相続人は、自分のために相続開始があったことを知った時から3か月の熟慮期間内に、相続放棄をしなければなりませんが、この熟慮期間内に相続人が相続財産の状況を調査しても、財産状況がわからないような場合には、家庭裁判所に申し立てることにより、3か月の熟慮期間を延ばすことができます。
ただし、この相続放棄の伸長申立ては必ず認められるものでもありません。
家庭裁判所では、伸長申し立てがされた場合には、相続財産の内容や、所在地、相続人の居住場等を総合判定しての相続放棄の熟慮期間の伸長が必要かどうかの判断をするようです。
そのため、家庭裁判所が伸長を必要と判断してくれないと伸長しないということになります。
では、次に伸長申し立てが認められたとして、どのくらいの期間延びるのでしょうか?これは、ケース別ケースのため、なかなかはっきりしたことは書けないのですが、おおよそ、1カ月~3カ月程度延びるようです。
申請手続きについては、家庭裁判所のHPより抜粋したものを掲載しております。
相続開始地(被相続人の最後の住所地)の家庭裁判所
(1) 申立書(家庭裁判所でもらえます)
(2) 標準的な申立添付書類
※ 同じ書類は1通で足ります。
※ 戸籍等の謄本は,戸籍等の全部事項証明書という名称で呼ばれる場合があります。
※ もし,申立前に入手が不可能な戸籍等がある場合は,その戸籍等は,申立後に追加提出することでも差し支えありません。

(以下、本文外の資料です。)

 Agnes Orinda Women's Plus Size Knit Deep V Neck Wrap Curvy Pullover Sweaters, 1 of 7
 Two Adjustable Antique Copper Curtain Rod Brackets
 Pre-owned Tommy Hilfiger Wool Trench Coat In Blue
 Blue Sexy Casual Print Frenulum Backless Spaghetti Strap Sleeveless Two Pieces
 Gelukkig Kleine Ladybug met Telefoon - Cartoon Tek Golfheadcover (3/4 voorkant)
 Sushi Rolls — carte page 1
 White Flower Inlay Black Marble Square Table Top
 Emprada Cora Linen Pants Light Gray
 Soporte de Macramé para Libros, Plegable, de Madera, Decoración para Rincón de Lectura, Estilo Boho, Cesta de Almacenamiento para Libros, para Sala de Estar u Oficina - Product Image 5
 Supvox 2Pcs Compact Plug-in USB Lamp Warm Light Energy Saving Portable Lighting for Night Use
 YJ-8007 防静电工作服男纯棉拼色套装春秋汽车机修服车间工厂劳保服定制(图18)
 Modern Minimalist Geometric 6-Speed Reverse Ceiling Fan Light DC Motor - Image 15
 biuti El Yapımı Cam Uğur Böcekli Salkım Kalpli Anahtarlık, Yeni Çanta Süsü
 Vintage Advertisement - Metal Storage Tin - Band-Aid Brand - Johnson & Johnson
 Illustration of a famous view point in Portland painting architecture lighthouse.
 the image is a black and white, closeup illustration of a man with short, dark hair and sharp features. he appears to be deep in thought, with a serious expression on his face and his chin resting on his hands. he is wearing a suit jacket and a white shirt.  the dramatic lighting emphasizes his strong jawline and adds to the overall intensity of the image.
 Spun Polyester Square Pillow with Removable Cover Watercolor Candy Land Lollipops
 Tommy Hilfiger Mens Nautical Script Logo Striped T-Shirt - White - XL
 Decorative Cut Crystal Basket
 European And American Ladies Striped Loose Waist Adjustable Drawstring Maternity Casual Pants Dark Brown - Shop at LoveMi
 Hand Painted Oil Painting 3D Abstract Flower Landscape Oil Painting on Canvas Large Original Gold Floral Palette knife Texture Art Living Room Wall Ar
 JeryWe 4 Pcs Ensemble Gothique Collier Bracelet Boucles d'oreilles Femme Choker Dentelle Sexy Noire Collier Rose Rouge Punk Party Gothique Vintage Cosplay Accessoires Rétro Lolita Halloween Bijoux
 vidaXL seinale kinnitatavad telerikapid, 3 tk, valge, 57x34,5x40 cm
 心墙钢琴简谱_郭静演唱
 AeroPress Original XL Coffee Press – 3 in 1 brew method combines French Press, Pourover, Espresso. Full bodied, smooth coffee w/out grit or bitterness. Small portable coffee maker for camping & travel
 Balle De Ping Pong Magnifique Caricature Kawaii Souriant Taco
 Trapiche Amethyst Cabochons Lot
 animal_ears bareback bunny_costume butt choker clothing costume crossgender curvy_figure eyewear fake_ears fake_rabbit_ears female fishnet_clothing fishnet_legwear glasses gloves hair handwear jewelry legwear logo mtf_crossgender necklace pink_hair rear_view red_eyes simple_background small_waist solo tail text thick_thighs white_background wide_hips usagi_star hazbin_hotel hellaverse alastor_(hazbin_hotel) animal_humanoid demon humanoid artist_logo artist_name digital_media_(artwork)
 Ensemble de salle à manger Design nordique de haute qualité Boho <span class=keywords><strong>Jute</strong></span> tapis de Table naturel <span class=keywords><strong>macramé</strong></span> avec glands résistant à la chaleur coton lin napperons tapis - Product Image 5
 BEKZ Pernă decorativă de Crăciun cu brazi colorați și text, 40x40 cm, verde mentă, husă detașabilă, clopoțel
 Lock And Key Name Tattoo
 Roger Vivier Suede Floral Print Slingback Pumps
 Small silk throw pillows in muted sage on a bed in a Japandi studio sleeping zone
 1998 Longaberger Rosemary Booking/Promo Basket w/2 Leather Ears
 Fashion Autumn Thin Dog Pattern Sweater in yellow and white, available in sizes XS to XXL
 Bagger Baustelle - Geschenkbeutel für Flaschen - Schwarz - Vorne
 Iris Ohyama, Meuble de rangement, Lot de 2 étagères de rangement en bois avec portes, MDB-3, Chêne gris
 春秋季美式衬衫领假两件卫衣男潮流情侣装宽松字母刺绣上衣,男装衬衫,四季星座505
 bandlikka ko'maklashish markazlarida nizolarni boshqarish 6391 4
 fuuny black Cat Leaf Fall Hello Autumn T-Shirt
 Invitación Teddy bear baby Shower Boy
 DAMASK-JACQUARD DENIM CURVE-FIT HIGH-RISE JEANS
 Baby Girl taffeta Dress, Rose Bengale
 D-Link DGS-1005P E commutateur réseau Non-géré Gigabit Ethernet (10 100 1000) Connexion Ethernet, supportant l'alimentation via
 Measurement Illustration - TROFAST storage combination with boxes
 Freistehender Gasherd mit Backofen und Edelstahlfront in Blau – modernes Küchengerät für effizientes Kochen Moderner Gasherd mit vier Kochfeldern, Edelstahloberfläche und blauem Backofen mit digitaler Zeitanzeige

※ 審理のために必要な場合は,追加書類の提出をお願いすることがあります。
【共通】
1. 被相続人の住民票除票又は戸籍附票
2. 利害関係人からの申立ての場合,利害関係を証する資料(親族の場合,戸籍謄本等)
3. 伸長を求める相続人の戸籍謄本
【被相続人の配偶者に関する申立ての場合】
4. 被相続人の死亡の記載のある戸籍(除籍,改製原戸籍)謄本
【被相続人の子又はその代襲者(孫,ひ孫等)(第一順位相続人)に関する申立ての場合】
4. 被相続人の死亡の記載のある戸籍(除籍,改製原戸籍)謄本
5. 代襲相続人(孫,ひ孫等)の場合,被代襲者(本来の相続人)の死亡の記載のある戸籍(除籍,改製原戸籍)謄本
【被相続人の父母・祖父母等(直系尊属)(第二順位相続人)に関する申立ての場合】
4. 被相続人の出生時から死亡時までのすべての戸籍(除籍,改製原戸籍)謄本
5. 被相続人の子(及びその代襲者)で死亡している方がいらっしゃる場合,その子(及びその代襲者)の出生時から死亡時までのすべての戸籍(除籍,改製原戸籍)謄本
6. 被相続人の直系尊属に死亡している方(相続人より下の代の直系尊属に限る(例:相続人が祖母の場合,父母))がいらっしゃる場合,その直系尊属の死亡の記載のある戸籍(除籍,改製原戸籍)謄本
【被相続人の兄弟姉妹及びその代襲者(おいめい)(第三順位相続人)に関する申立ての場合】
4. 被相続人の出生時から死亡時までのすべての戸籍(除籍,改製原戸籍)謄本
5. 被相続人の子(及びその代襲者)で死亡している方がいらっしゃる場合,その子(及びその代襲者)の出生時から死亡時までのすべての戸籍(除籍,改製原戸籍)謄本
6. 被相続人の直系尊属の死亡の記載のある戸籍(除籍,改製原戸籍)謄本
7. 代襲相続人(おい,めい)の場合,被代襲者(本来の相続人)の死亡の記載のある戸籍(除籍,改製原戸籍)謄本
申立ては,自己のために相続の開始があったことを知った時から3か月以内にする必要があります。